**EXTRACTED INFORMATION:**
++++++++++++++++++++

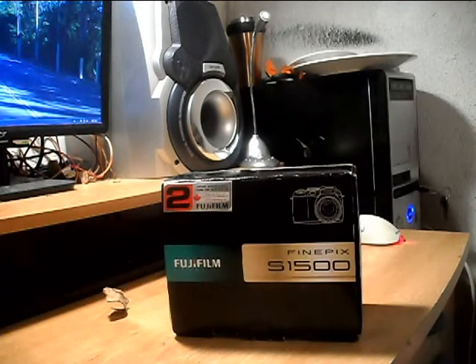Hello YouTubers, EverythingButNothingOne here. Today we're going to be doing another unboxing of the Fujifilm FinePix S1500. This is a digital SLR — the big bulky photography cameras, but digitalized. It's a very good camera.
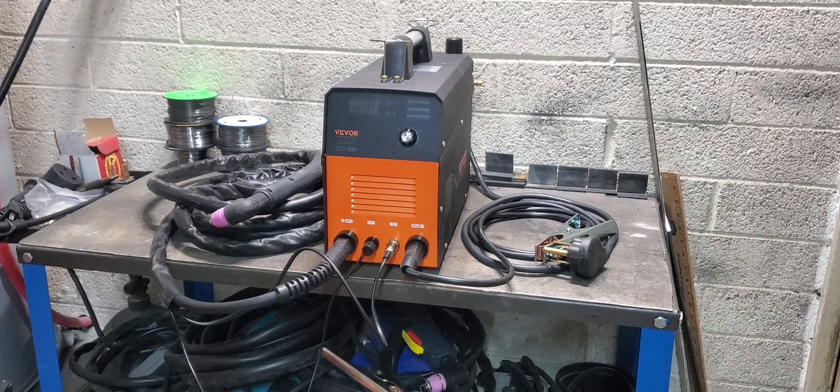Hey everybody, welcome back. In this video I am going to be testing and reviewing the Vivore Cut 50P Plasma Cutter. I want to say thanks to Vivore for sending this to me at no cost for the purpose of this review.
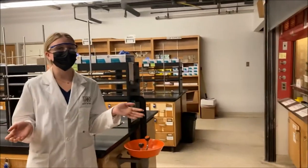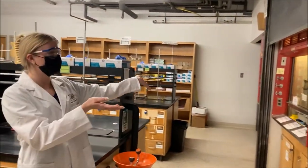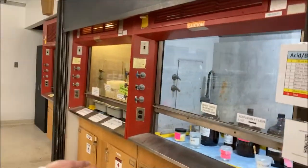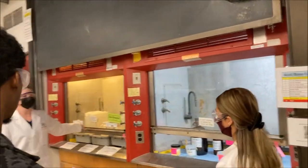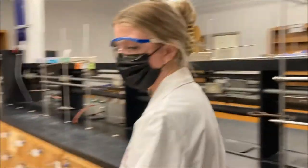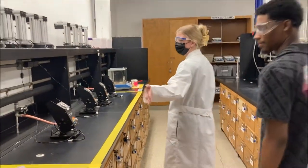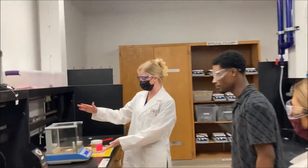Welcome to organic chemistry lab. The first thing you see when you walk in is two waste containers: one for your organic solid and liquid waste, and one for your chemicals. Further down, you have a bench with all the supplies you'll need for lab, your melting point stations, and a scale.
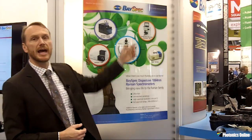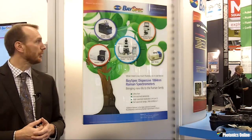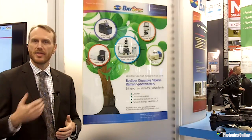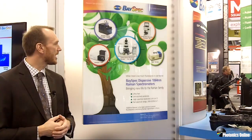We have what we call the Moving Lab 1064, so you can actually take your lab into the field and measure live samples there. Same as the Agility, it has a battery pack so it can be used without external power. We also have our RAM Spec Raman spectrometer, and for applications that demand higher resolution and deeper cooling, we have that option as well.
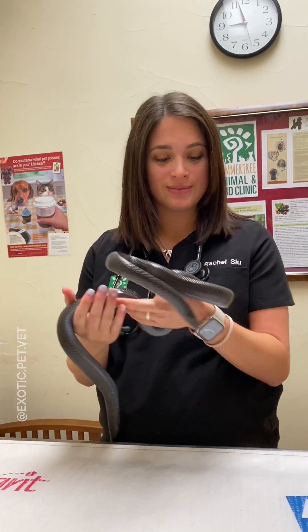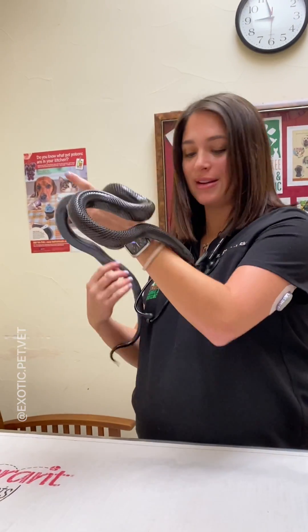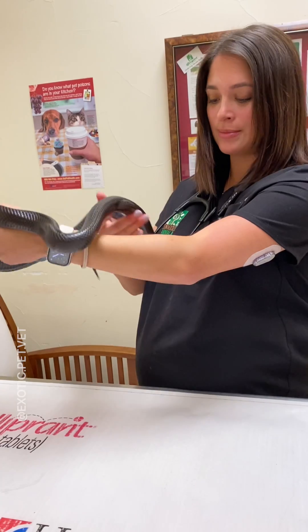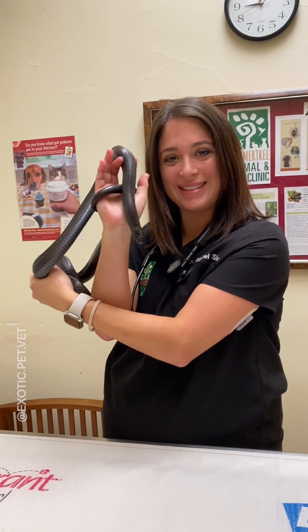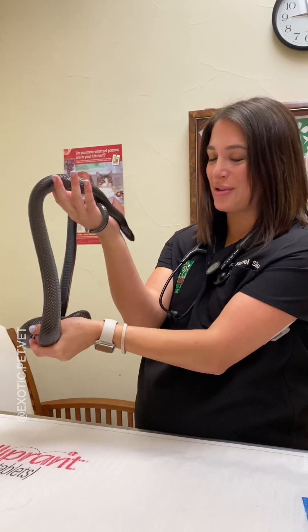Have you ever wondered how veterinarians give snakes fluids when they don't have arms or legs? In many instances we give them subcutaneously, or underneath the skin. My name is Dr. Sue, and here I'll be demonstrating how to give fluids to this beautiful kingsnake.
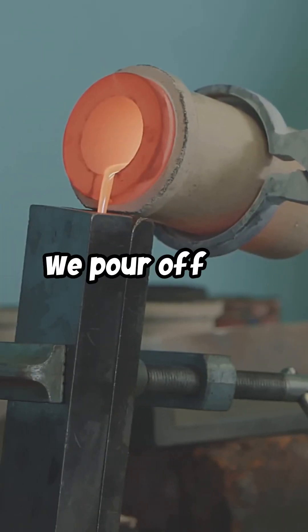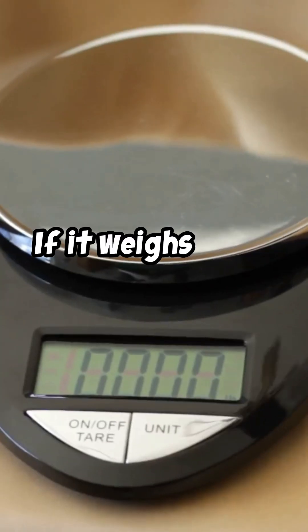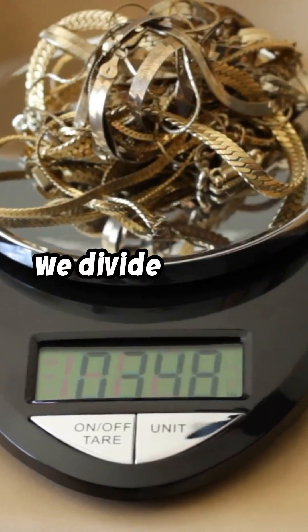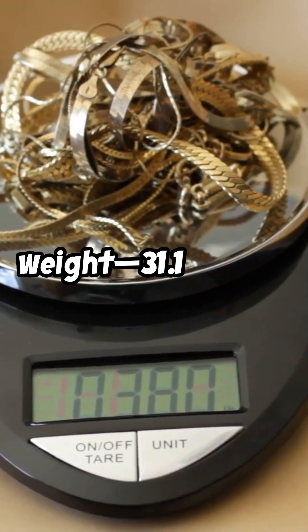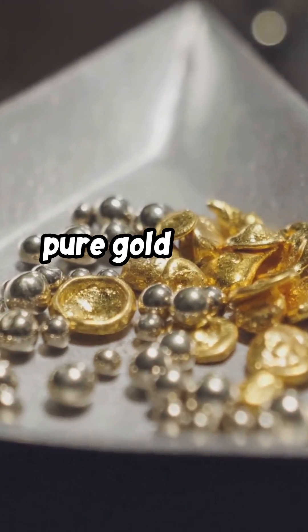After smelting, we pour off the molten material, leaving a solid gold bead. Now we weigh this bead. If it weighs 0.155 grams, we divide that by the original sample weight, 31.1 grams. This gives us 0.498% pure gold in the sample.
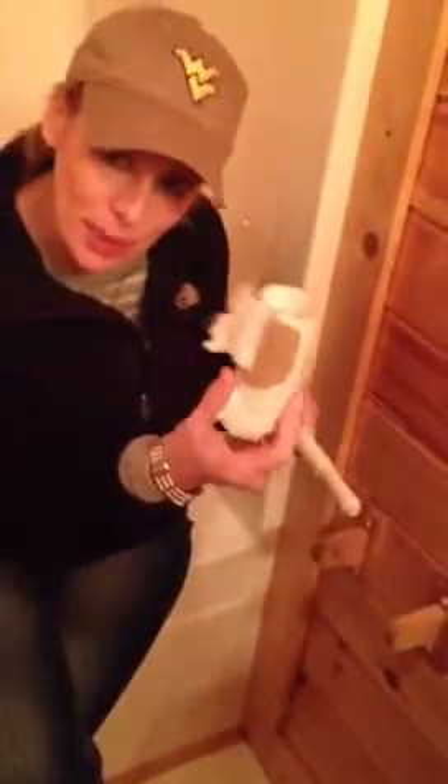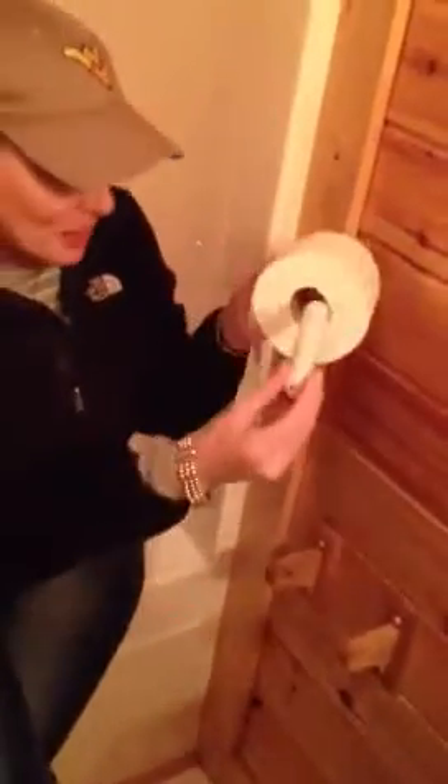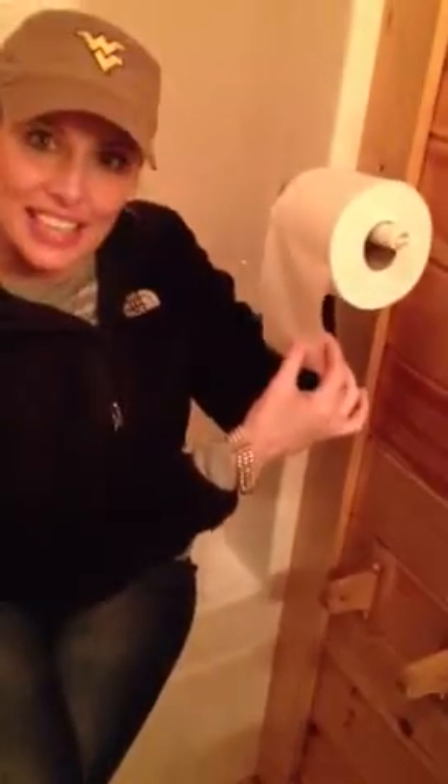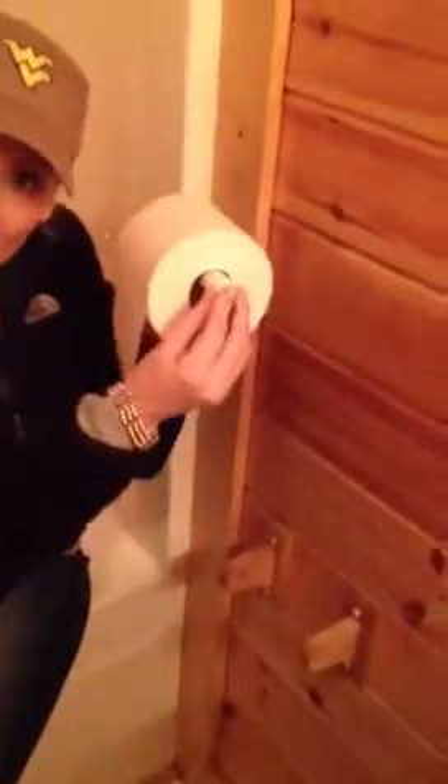Then you pull off the old tulip paper and place it in the receptacle. Then you get the new tulip paper and place the rod into the new tulip paper with the tulip paper hanging down. Then you squeeze the rod and place it back onto the tulip paper holder.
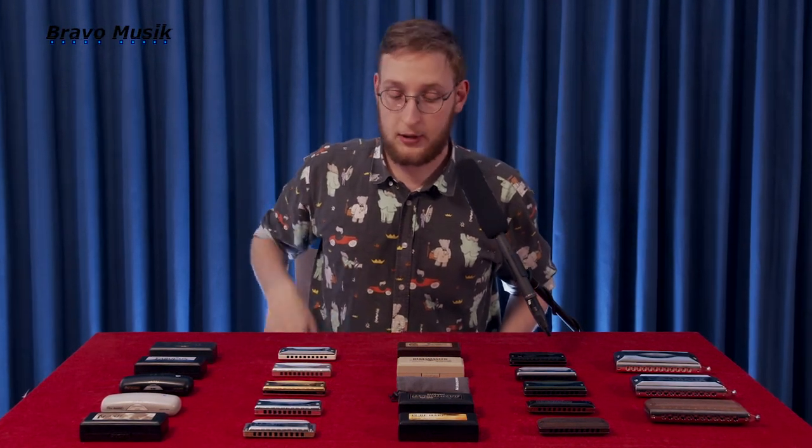Hi and welcome. My name is Victor Büssling. I'm a harmonica player and teacher from Copenhagen, Denmark. I've got a wide range of harmonicas here from Suzuki in Japan.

++++++++++++++++++++

**EXERCISE INSTRUCTIONS:** Leave the pictures aside and print exactly, and only, the lines from the one with "We have what" through the end of the data, both included.

**RESPONSE TO THE EXERCISE:**
We have what we call the Moving Lab 1064, so you can actually take your lab into the field and measure live samples there. Same as the Agility, it has a battery pack so it can be used without external power. We also have our RAM Spec Raman spectrometer, and for applications that demand higher resolution and deeper cooling, we have that option as well.
Have you ever wondered how veterinarians give snakes fluids when they don't have arms or legs? In many instances we give them subcutaneously, or underneath the skin. My name is Dr. Sue, and here I'll be demonstrating how to give fluids to this beautiful kingsnake.
After smelting, we pour off the molten material, leaving a solid gold bead. Now we weigh this bead. If it weighs 0.155 grams, we divide that by the original sample weight, 31.1 grams. This gives us 0.498% pure gold in the sample.
Then you pull off the old tulip paper and place it in the receptacle. Then you get the new tulip paper and place the rod into the new tulip paper with the tulip paper hanging down. Then you squeeze the rod and place it back onto the tulip paper holder.
Hi and welcome. My name is Victor Büssling. I'm a harmonica player and teacher from Copenhagen, Denmark. I've got a wide range of harmonicas here from Suzuki in Japan.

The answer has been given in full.